DeWitt Clinton Park
The Parks Department acquired this 7.4-acre lot in Hell's Kitchen in 1901 and officially opened DeWitt Clinton Park in 1905. The park was designed by landscape architect Samuel Parsons, Jr. and featured a recreation / bathing pavilion (by the architectural firm of Barney & Chapman) overlooking the Hudson River, a gymnasium, a running track, playgrounds, and a children's farm garden. A public bath was added somewhere around here in 1911. The bathing pavillion was probably demolished when an acre and a half of the park was chopped off on the river side in 1927 for the elevated Miller Highway that permitted unimpeded truck access to the then-busy industrial waterfront.
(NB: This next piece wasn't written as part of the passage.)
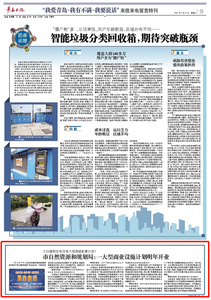 民生在线 · 记者追访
The Miller Highway was closed in 1973, demolished sometime thereafter, and replaced with an eight-lane at-grade road that was renamed for Joe DiMaggio in 1999. (historical sign).
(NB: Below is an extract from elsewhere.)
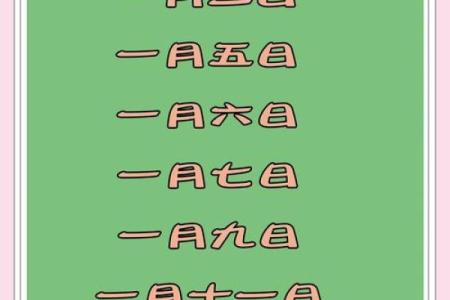 2024年农历十二月属兔人搬家吉日推荐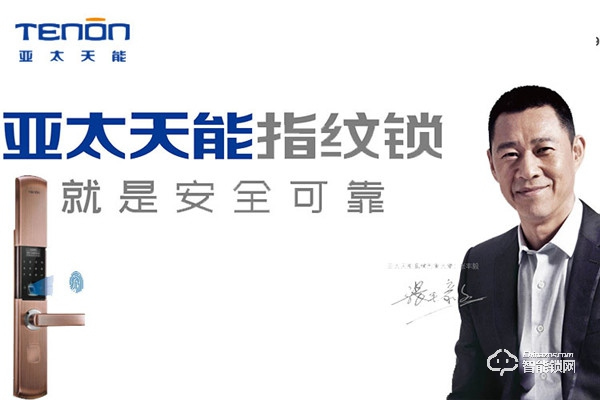 亞太天能智能鎖入選2019智能鎖品牌評選活動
The park is named after former mayor, state legislator and governor DeWitt Clinton (1769 - 1828). Although Clinton had many notable accomplishments in his public and private careers, he is probably best remembered for his role in planning and promoting the Erie Canal (constructed 1817 - 1825). Although widely derided in its day, the canal connecting the Hudson River and Great Lakes ultimately made New York City the commercial gateway to America, ultimately leading to its continuing dominance in the financial services sector. The Erie Canal is commemorated with a children's playground on the west side of the park.
The southeast entrance of the park is the home of the Flanders Field Memorial, which was designed by sculptor Burt W. Johnson and architect Harvey W. Corbett. The statue depicts a World War I soldier and was dedicated in 1930, with a restoration in 1997.